The Supreme Court reversed the lower court decisions, concluding that the more flexible rule of reason approach was more appropriate in evaluating resale price maintenance. The court emphasized that these vertical agreements may increase interbrand competition by, for example, encouraging resellers to invest more in service and marketing and giving consumers more options between low-service and high-service brands. In addition, the court concluded that adopting the rule of reason would be consistent with the way the court evaluates most other vertical restraints. Both the majority and dissenting opinions devoted much attention to the doctrine of stare decisis, ultimately splitting by one vote on whether it compelled adherence to a century-old precedent.

The Supreme Court’s ruling in Leegin will give manufacturers substantially more control over the prices resellers charge for their products and will make it easier to prevent discounting.
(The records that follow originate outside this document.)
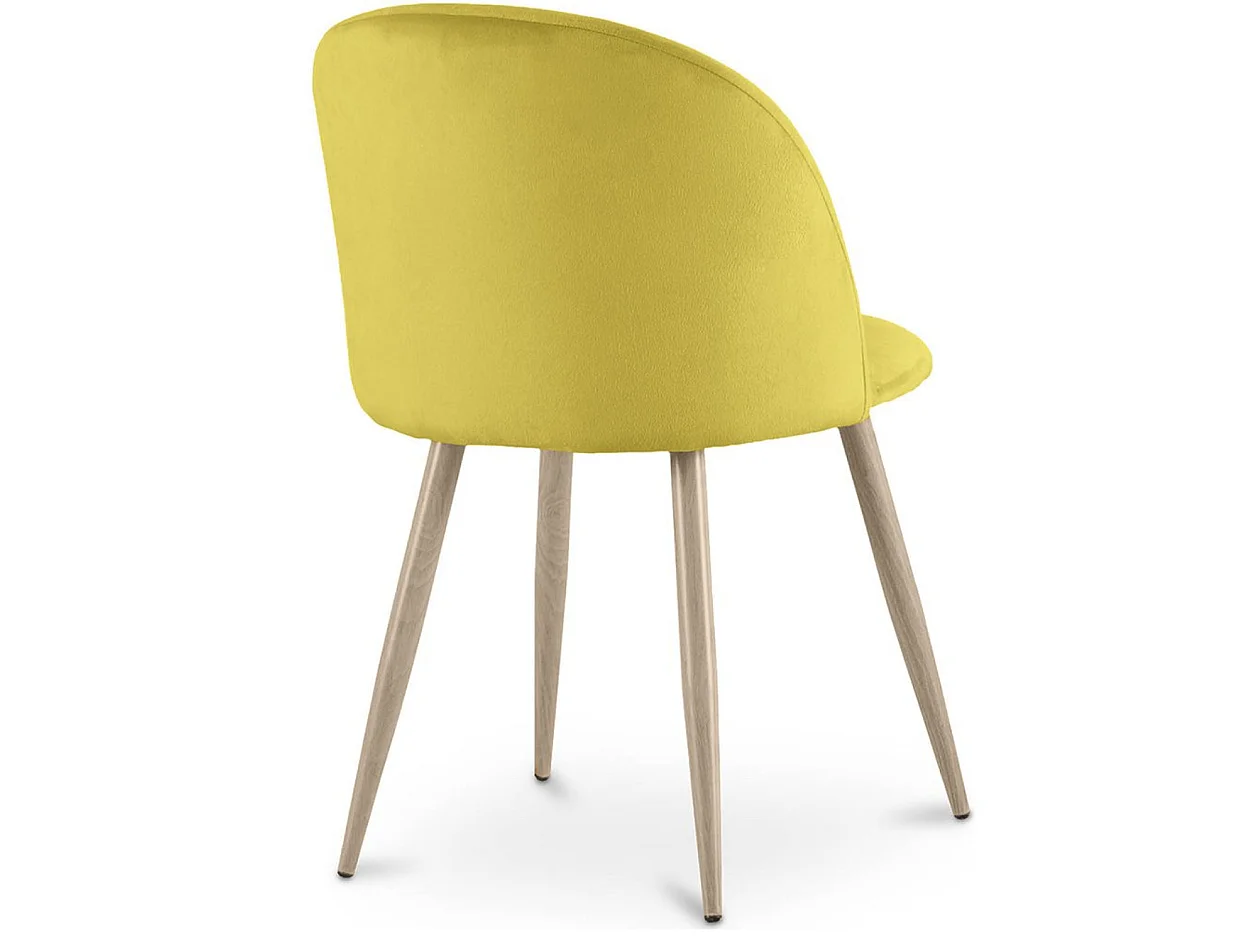 Silla BOMANE, estilo escandinavo - Asiento de terciopelo y patas de metal efecto madera clara-Amarillo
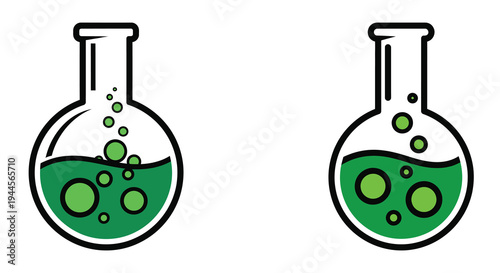 Two green beakers containing bubbling liquid with varying bubble sizes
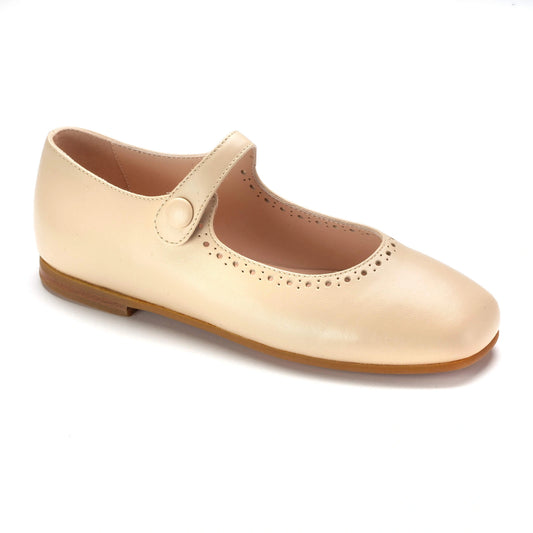 Cream leather girls Mary Jane summer dress shoes with strap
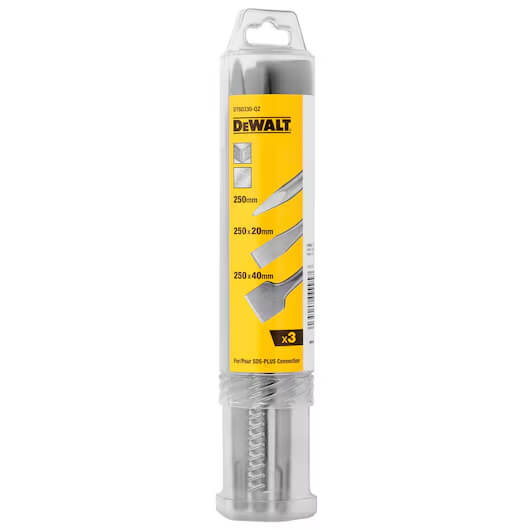 סט איזמלים לפטישון 3 חלקים דיוולט DeWalt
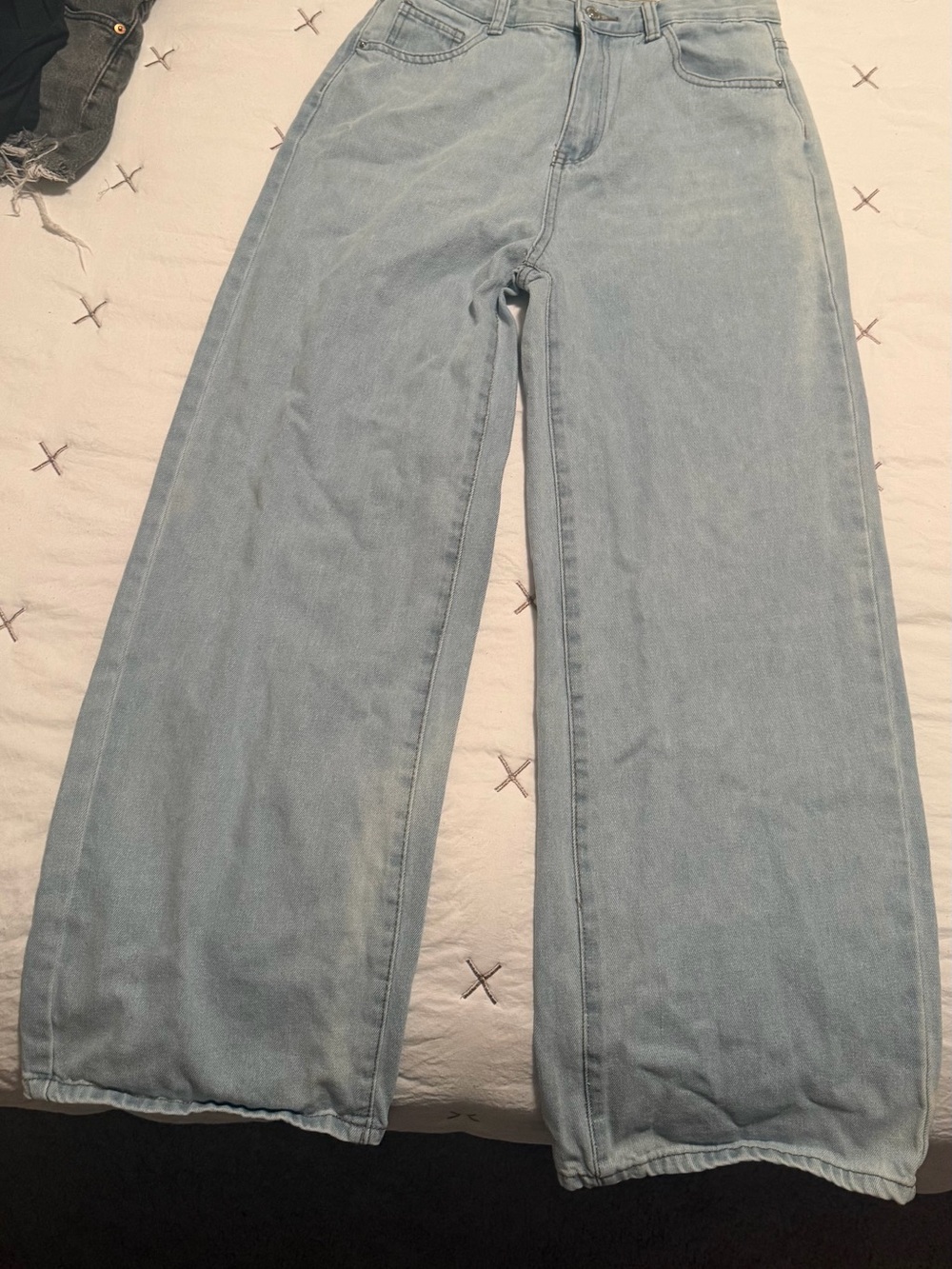 SHEIN Light Blue Wide-Leg High-Rise Jeans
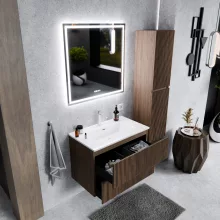 HD Torino Oak 60/80 komplett fürdőszoba bútor szett fali mosdószekrénnyel, tükörrel és magasszekrénnyel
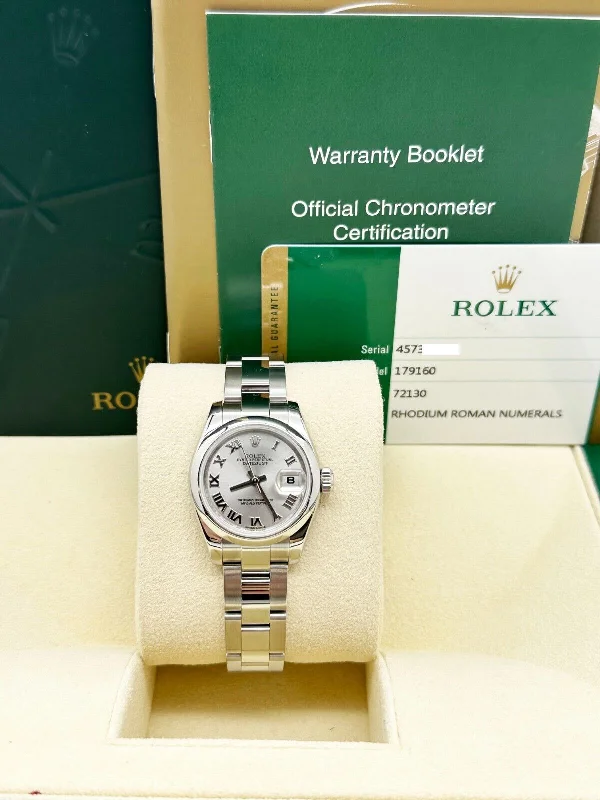 Rolex Ladies Datejust 179160 Silver Roman Dial Stainless Steel Box Paper 2014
Combined with the tougher pleading standards announced by the court last month in Bell Atlantic Corp. v. Twombly, this decision should deter terminated discounters from suing for treble damages. Nevertheless, the opinion does not immunize vertical pricing agreements from antitrust scrutiny. Plaintiffs may seek to connect resale price agreements to horizontal conspiracies among resellers or producers, which remain per se illegal. Even if purely vertical, minimum resale price agreements that have anticompetitive effects not outweighed by procompetitive justifications, such as those imposed by a dominant manufacturer or retailer, still risk condemnation under the rule of reason. And the battleground may shift to those states and jurisdictions outside the U.S. that may still follow a rule of per se illegality.

This is the Supreme Court's last antitrust case this term and the last of an unbroken string of nine pro-defendant antitrust rulings by the court since Trinko in 2004. The difference is that Leegin is the first close decision and the first reflecting the court’s general ideological divide; all others were unanimous or nearly so.